While the majority of activity from North Korea during this timeframe was not malicious, there was a smaller but significant amount of activity that was highly suspect. One instance was the start of Bitcoin mining by users in North Korea on May 17.
Bitcoin mining is difficult because it is a computationally complex task and can require up to 90% of a machine’s power. The benefit to using all of this energy and adding the transaction records to the blockchain is that each miner is awarded not only the fees paid by the users sending the transaction, but 25 bitcoins once they discover a new block.
Before that day, there had been virtually no activity to Bitcoin-related sites or nodes, or utilising Bitcoin-specific ports or protocols. Beginning on May 17, that activity increased exponentially, from nothing to hundreds per day.
The timing of this mining is important because it began very soon after the May WannaCry ransomware attacks, which the NSA has attributed to North Korea’s intelligence service, the Reconnaissance General Bureau (RGB), as an attempt to raise funds for the Kim regime.
By this point (May 17) actors within the government would have realised that moving the Bitcoin from the three WannaCry ransom accounts would be easy to track and ill-advised if they wished to retain deniability for the attack.

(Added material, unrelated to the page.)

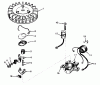 Toro 23370 - 21" Whirlwind Hevi-Duty Lawnmower, 1978 (8000001-8999999) Listas de piezas de repuesto y dibujos MAGNETO NO. 610794A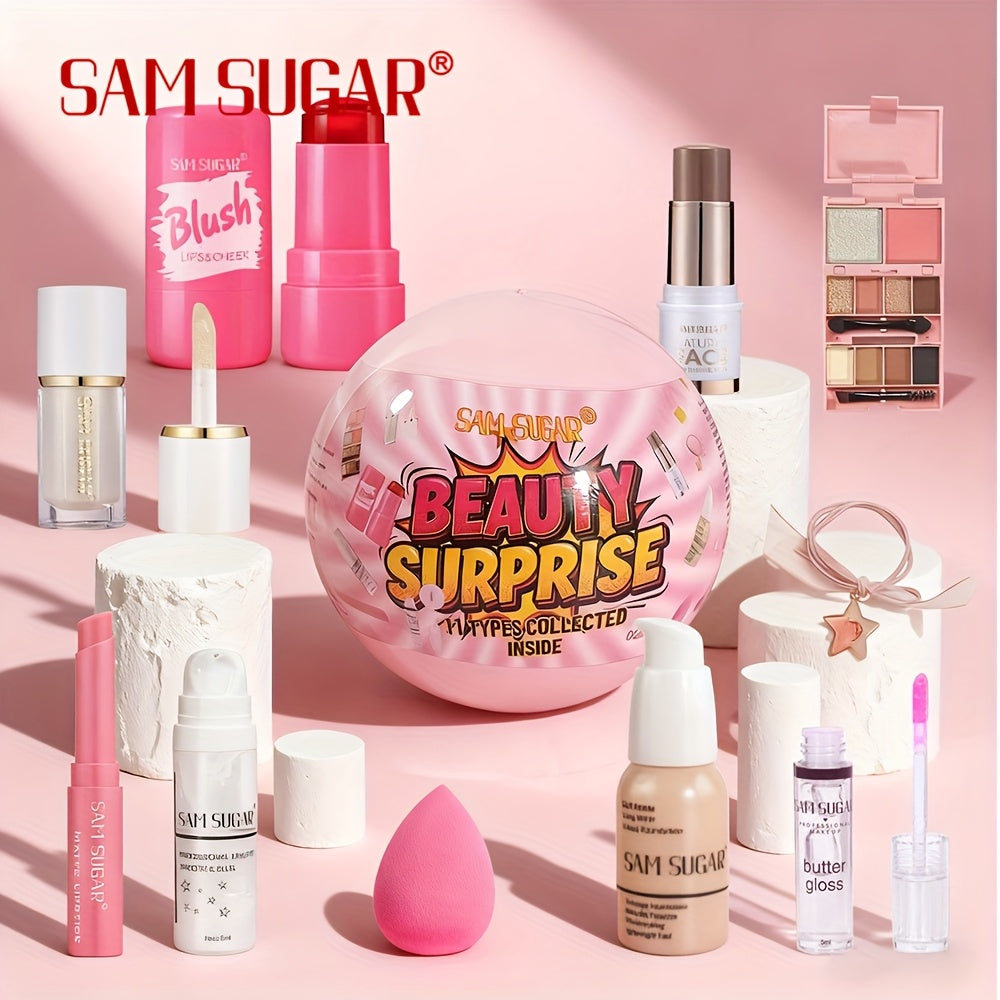 Mini Makeup Gift Set - 8/11 Piece Cosmetics Collection Sphere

It is not clear who is running the North Korean bitcoin mining operations, but given the relatively small number of computers in North Korea coupled with the limited IP space, it is not likely this computationally intensive activity is occurring outside of state control.
Additionally, during this time frame it appeared that some North Korean users were conducting research, or possibly even network reconnaissance, on a number of foreign laboratories and research centres.